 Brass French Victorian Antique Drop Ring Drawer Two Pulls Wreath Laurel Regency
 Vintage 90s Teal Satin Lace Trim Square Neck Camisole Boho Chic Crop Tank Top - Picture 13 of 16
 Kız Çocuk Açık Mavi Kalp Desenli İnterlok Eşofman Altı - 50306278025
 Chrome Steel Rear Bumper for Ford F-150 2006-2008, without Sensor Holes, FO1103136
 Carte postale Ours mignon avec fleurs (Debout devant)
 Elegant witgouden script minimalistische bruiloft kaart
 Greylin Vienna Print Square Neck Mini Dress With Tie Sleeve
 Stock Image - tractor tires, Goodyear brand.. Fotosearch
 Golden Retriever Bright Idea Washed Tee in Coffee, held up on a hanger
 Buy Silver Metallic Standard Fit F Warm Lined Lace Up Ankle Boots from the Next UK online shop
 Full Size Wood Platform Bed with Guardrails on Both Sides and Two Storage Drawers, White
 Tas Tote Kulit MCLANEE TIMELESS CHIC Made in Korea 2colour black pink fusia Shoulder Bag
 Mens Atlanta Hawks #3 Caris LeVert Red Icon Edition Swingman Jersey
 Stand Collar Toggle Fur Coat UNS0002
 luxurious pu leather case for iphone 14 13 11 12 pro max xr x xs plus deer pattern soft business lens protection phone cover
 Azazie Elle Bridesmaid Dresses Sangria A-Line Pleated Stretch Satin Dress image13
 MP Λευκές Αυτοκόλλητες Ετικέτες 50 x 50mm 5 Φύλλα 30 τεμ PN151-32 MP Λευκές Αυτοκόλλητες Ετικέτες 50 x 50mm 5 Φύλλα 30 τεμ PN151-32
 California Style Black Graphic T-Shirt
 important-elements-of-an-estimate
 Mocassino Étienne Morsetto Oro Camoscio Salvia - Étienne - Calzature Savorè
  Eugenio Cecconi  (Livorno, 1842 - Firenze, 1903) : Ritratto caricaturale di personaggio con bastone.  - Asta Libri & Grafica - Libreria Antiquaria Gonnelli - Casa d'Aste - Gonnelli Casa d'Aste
================
WORK INSTRUCTION ▸ Look through the listing above. Pick out each line with "Square" and copy it.

OUTPUT BELOW ▸
 Vintage 90s Teal Satin Lace Trim Square Neck Camisole Boho Chic Crop Tank Top - Picture 13 of 16
 Greylin Vienna Print Square Neck Mini Dress With Tie Sleeve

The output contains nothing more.